Compiling an external library on Linux

Good Day Everyone,
N.B - This problem has been solved - I have provided my own solution in the answer section however the solution provided by Jonathan is much shorter. Nevertheless, this was the following question I originally posted:
I am basically trying to compile a serial library (for UART communication) on Linux however I am not really sure how to correctly compile (I have mentioned what I have done so far below), any suggestions would be highly valuable. I am using the serialib library - which is composed of 2 main files (serialib.h and serialib.cpp) , you may directly view the source code of these files here (scroll all the way to the bottom and view the files in new tabs): http://serialib.free.fr/html/classserialib.html
I transferred these files (serialib.h and serialib.cpp) to my BeagleBone Black micro-controller which is running Debian (Wheezy) , g++/gcc (Debian 4.6.3-14) 4.6.3. I wrote my own program (uart.cpp is my file name) to access the functions provided by this library, this is what I wrote:
#include <iostream>
#include "serialib.h"
#ifdef __linux__
#define DEVICE_PORT "/dev/ttyO1"
#endif
int main()
{
serialib LS;
return 0;
}
So as you can see I am trying to access the 'seriallib' class. serialib.h, serialib.cpp and uart.cpp are all in the home directory. I also manually added the iostream library in serialib.cpp as I did not see it being declared in the original source code.

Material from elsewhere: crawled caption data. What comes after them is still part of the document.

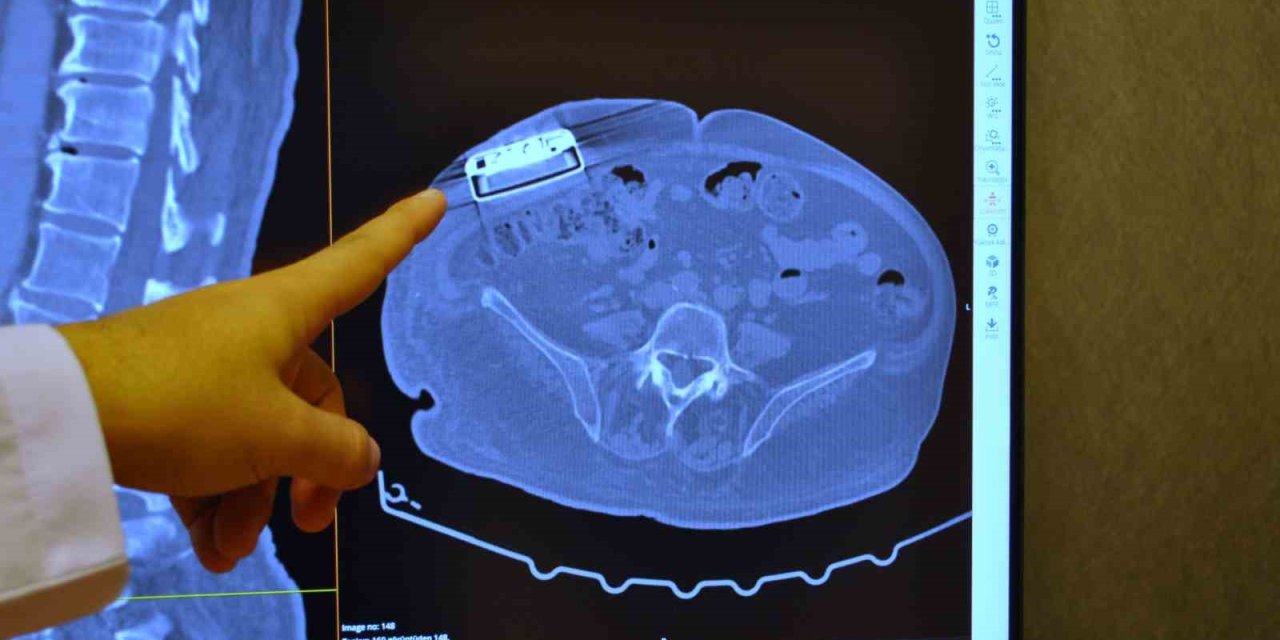 Gelişmiş Teknoloji Yeni Versiyon Baklofen Pompası Türkiye’de İlk Defa Eskişehir’de İmplante Edildi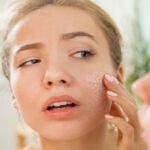 درمان خشکی پوست | 5 درمان خانگی سریع برای کل بدن و صورت 26 پوست 1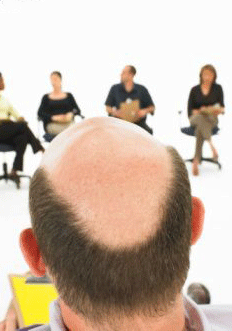 Alopecia/Calvicie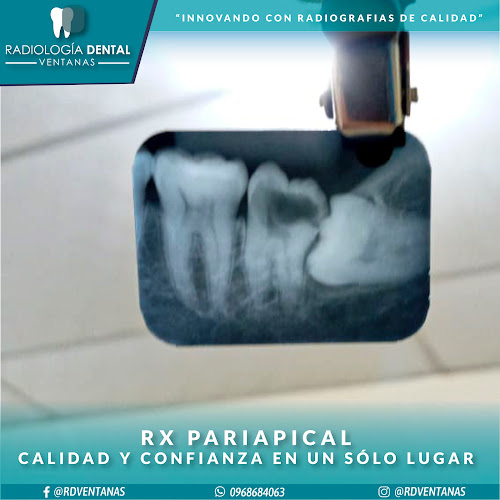 Radiología Dental Ventanas - Ventanas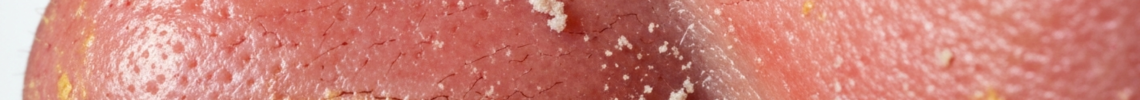Symptoms and pictures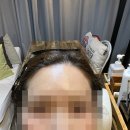 인앤인 | 수원 인계동 왁싱샵 인앤인왁싱, 브라질리언+헤어라인 왁싱 후기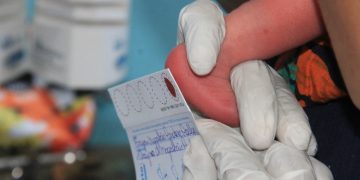 Dia do teste do pezinho reforça importância da triagem neonatal para a saúde infantil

Now I am really unsure of how to compile such external libraries but so far I tried the following steps:
g++ -c -Wall -Werror -fPIC serialib.c to convert to PIC which gives the following error:
distcc[3142] (dcc_parse_hosts) Warning: /home/debian/.distcc/zeroconf/hosts contained no hosts; can't distribute work
distcc[3142] (dcc_zeroconf_add_hosts) CRITICAL! failed to parse host file.
distcc[3142] (dcc_build_somewhere) Warning: failed to distribute, running locally instead
g++ serialib.cpp -L /home/debian/serialib.h which gives the following error:
/usr/lib/gcc/arm-linux-gnueabihf/4.6/../../../arm-linux-gnueabihf/crt1.o: In function _start':
(.text+0x30): undefined reference tomain'
collect2: ld returned 1 exit status
distcc[3210] ERROR: compile serialib.cpp on localhost failed
As of now I am still finding out how to compile this and if I manage to work this out then I'll post my solution here too. Once again any suggestion will be highly valuable. Thank you all :) .

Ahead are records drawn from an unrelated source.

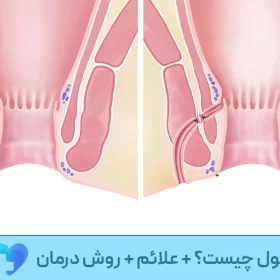 عمل فیستول چیست؟ + علائم + روش درمان
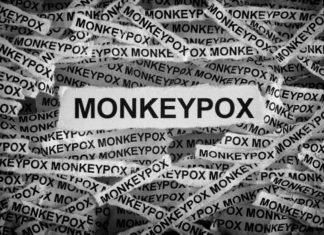 Percentage of gay D.C. monkeypox cases rises slightly – Washington Blade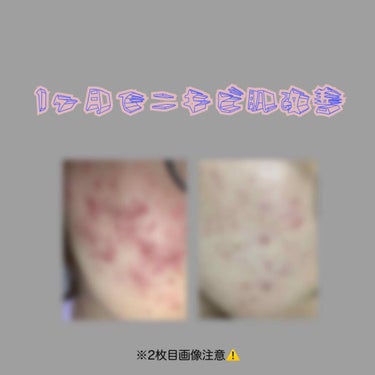 薬用 しみ 集中対策 美容液/メラノCC/美容液を使ったクチコミ（1枚目）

g++ -c -Wall -Werror -fPIC serialib.c to convert to PIC which gives the following error:
The "error" is not an error, it's a warning, telling you that your distcc setup is broken, but that it compiled locally.
That command doesn't "convert to PIC", it compiles the file serialib.c and produces a compiled object file, serialib.o
g++ serialib.cpp -L /home/debian/serialib.h
This is just nonsense. It tries to build a program from serialib.cpp and use the directory /home/debian/serialib.h (which isn't a directory!) to find libraries.
You don't need to "compile a library" you can just compile both the source files and link them together into a program. Either:
g++ -c serialib.cpp
g++ -c uart.cpp
g++ serialib.o uart.o -o uart
Or all in one command:
g++ serialib.cpp uart.cpp -o uart
You should read An Introduction to GCC to understand the commands, not just enter bogus commands without understanding them.
I have found a solution to this problem, hope this helps for all the future readers with similar problems. I have my own source code uart.cpp (Given in the question) which I want to compile, the external library is serialib that contains two main files (serialib.h and serialib.cpp), you will want to replace the following commands with respect to the files you have
Step 1: Compiling with position independent code
g++ -c -Wall -Werror -fpic serialib.cpp
Step 2: Creating a shared library
g++ -shared -o libserialib.so serialib.o , here the library is libserialib.so.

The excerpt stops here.